Un appel à la coopération
Pour faire face à ces menaces, António Guterres a insisté sur la nécessité d’agir dans trois domaines : le respect du droit international, la lutte contre les causes profondes de l’insécurité maritime, et le renforcement des partenariats à tous les niveaux.
« Le respect du droit international est la condition première de la sûreté maritime », a-t-il affirmé, rappelant que la Charte des Nations Unies et la Convention sur le droit de la mer constituent un cadre essentiel. « Toutefois, son efficacité dépend de la volonté des États d’en assurer la mise en œuvre pleine et effective ».
Sur le fond, le Secrétaire général a plaidé pour une approche globale s’attaquant aux racines de la criminalité en mer : pauvreté, gouvernance fragile, manque de moyens de subsistance. « On ne saurait conjurer les menaces qui pèsent sur la sûreté maritime sans affronter également des problèmes tels que la pauvreté, l’absence de moyens de subsistance, l’insécurité et la faiblesse des structures de gouvernance ».
Des progrès fragmentés
L’ONU et ses agences soutiennent plusieurs initiatives régionales, de l’Afrique de l’Ouest à l’Asie.
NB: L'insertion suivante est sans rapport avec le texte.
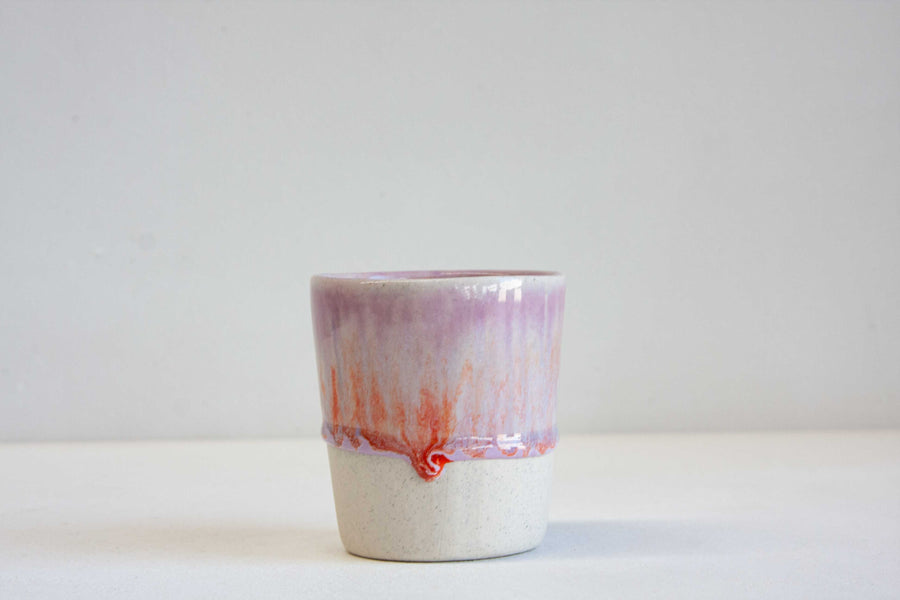 handmade ceramic purple and orange tumbler cup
Le mécanisme interrégional de l’Architecture de Yaoundé, mis en place pour sécuriser le golfe de Guinée, a permis de faire passer le nombre d’actes de piraterie de 81 en 2020 à seulement 18 en 2024. « L’Organisation maritime internationale continue en outre de jouer un rôle fondamental », a noté António Guterres, saluant aussi les projets de renforcement des capacités locales, d’assistance judiciaire ou de modernisation des forces navales.
Mais pour répondre pleinement à l’urgence, une coopération élargie s’impose. « Nous devons associer toutes les parties concernées par les espaces maritimes à l’action menée dans ce domaine », a insisté le chef de l’ONU. Gouvernements, armateurs, assureurs, sociétés civiles et communautés côtières doivent être inclus dans la réponse.
Les femmes et les filles, touchées de manière disproportionnée par la piraterie ou la traite des personnes, doivent également faire partie des priorités. « Alors que les menaces […] deviennent de plus en plus complexes et interconnectées, il est essentiel d’améliorer la coordination et de renforcer la gouvernance maritime ».
Un rendez-vous à Nice pour « passer à l’action »
M. Guterres a enfin appelé les États membres à faire de la Conférence des Nations Unies sur l’océan, prévue à Nice du 9 au 13 juin, un moment de rupture. « La prochaine Conférence sur l’océan […] sera pour les pays du monde entier une occasion décisive de passer à l’action ».
En conclusion, le Secrétaire général a réaffirmé l’engagement des Nations Unies : « Le système des Nations Unies est prêt à continuer d’aider ce Conseil et tous les États Membres à garantir des espaces maritimes pacifiques, sûrs et prospères pour les générations à venir ».